Comparing and Visualizing Results
Different methods highlight different aspects of feature importance. Tree-based importance reflects what the model learned during training. Permutation importance shows predictive power. SHAP values reveal contribution to specific predictions. Compare multiple methods to get a complete picture.
import pandas as pd
# Create comparison dataframe
comparison_df = pd.DataFrame({
'Feature': wine.feature_names,
'RF_Gini': rf.feature_importances_,
'RF_Permutation': perm_importance_rf.importances_mean,
'LR_Permutation': perm_importance_lr.importances_mean,
'LR_Coefficient': coef_importance,
'SHAP': np.abs(shap_values_rf[1]).mean(axis=0)
})
# Normalize each method to 0-1 scale for comparison
for col in comparison_df.columns[1:]:
comparison_df[col] = (comparison_df[col] - comparison_df[col].min()) / \
(comparison_df[col].max() - comparison_df[col].min())
# Plot comparison
fig, axes = plt.subplots(1, 5, figsize=(20, 4), sharey=True)
methods = ['RF_Gini', 'RF_Permutation', 'LR_Permutation',
'LR_Coefficient', 'SHAP']
for idx, method in enumerate(methods):
sorted_df = comparison_df.sort_values(method, ascending=True)
axes[idx].barh(sorted_df['Feature'], sorted_df[method])
axes[idx].set_title(method.replace('_', ' '))
axes[idx].set_xlabel('Normalized Importance')
axes[0].set_ylabel('Features')
plt.tight_layout()
plt.show()
Look for consensus across methods. Features that rank high across multiple approaches are genuinely important. Discrepancies reveal interesting model behavior worth investigating.
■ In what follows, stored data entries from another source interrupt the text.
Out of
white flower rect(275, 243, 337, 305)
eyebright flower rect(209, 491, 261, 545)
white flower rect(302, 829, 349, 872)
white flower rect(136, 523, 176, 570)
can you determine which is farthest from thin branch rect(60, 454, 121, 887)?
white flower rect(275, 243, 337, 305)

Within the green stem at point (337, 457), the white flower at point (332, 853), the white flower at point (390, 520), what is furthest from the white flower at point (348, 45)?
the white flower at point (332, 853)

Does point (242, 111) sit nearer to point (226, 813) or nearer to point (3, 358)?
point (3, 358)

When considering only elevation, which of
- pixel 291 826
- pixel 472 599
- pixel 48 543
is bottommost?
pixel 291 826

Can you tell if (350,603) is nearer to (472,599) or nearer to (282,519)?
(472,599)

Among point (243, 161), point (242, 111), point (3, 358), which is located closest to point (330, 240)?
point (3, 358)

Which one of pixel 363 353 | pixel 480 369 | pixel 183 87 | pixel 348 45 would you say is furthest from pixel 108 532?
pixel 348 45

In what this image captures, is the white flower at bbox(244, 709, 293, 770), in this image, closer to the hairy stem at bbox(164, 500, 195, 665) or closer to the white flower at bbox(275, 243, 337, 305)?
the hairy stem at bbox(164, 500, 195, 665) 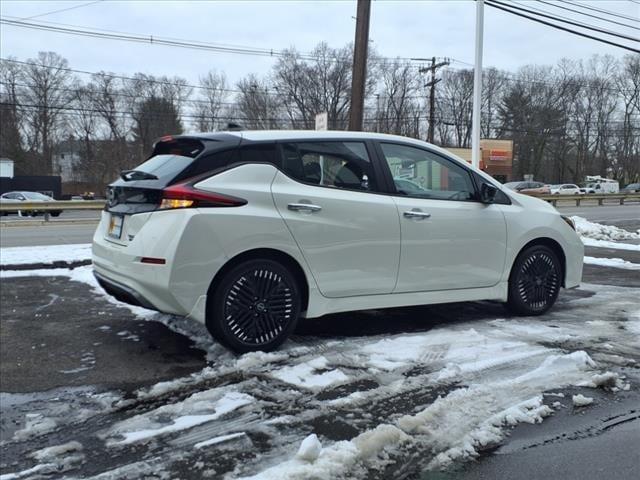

Practical Considerations and Best Practices
Correlated features split importance between them. If you have two highly correlated features, each might show moderate importance even though together they’re critical. Use correlation matrices to identify these situations, and consider grouping correlated features in your analysis.
Choose your method based on context. For quick iteration during development, use built-in tree importance. For model comparison or critical decisions, use permutation importance. For stakeholder presentations or debugging specific predictions, use SHAP. For simple linear models, coefficients are sufficient.
Watch out for these pitfalls: forgetting to scale features before interpreting linear coefficients, using Gini importance as your only measure, calculating importance on training data instead of test data, and ignoring the computational cost of SHAP on large datasets.
Computational costs vary dramatically. Tree-based importance is essentially free—it’s calculated during training. Permutation importance requires n_features × n_repeats model evaluations. SHAP can take minutes or hours depending on model complexity and dataset size. Budget accordingly.
The most important practice: use multiple methods and look for agreement. Feature importance isn’t a single number—it’s a multifaceted concept. Different methods capture different aspects. When they agree, you can be confident. When they disagree, you’ve learned something valuable about your model.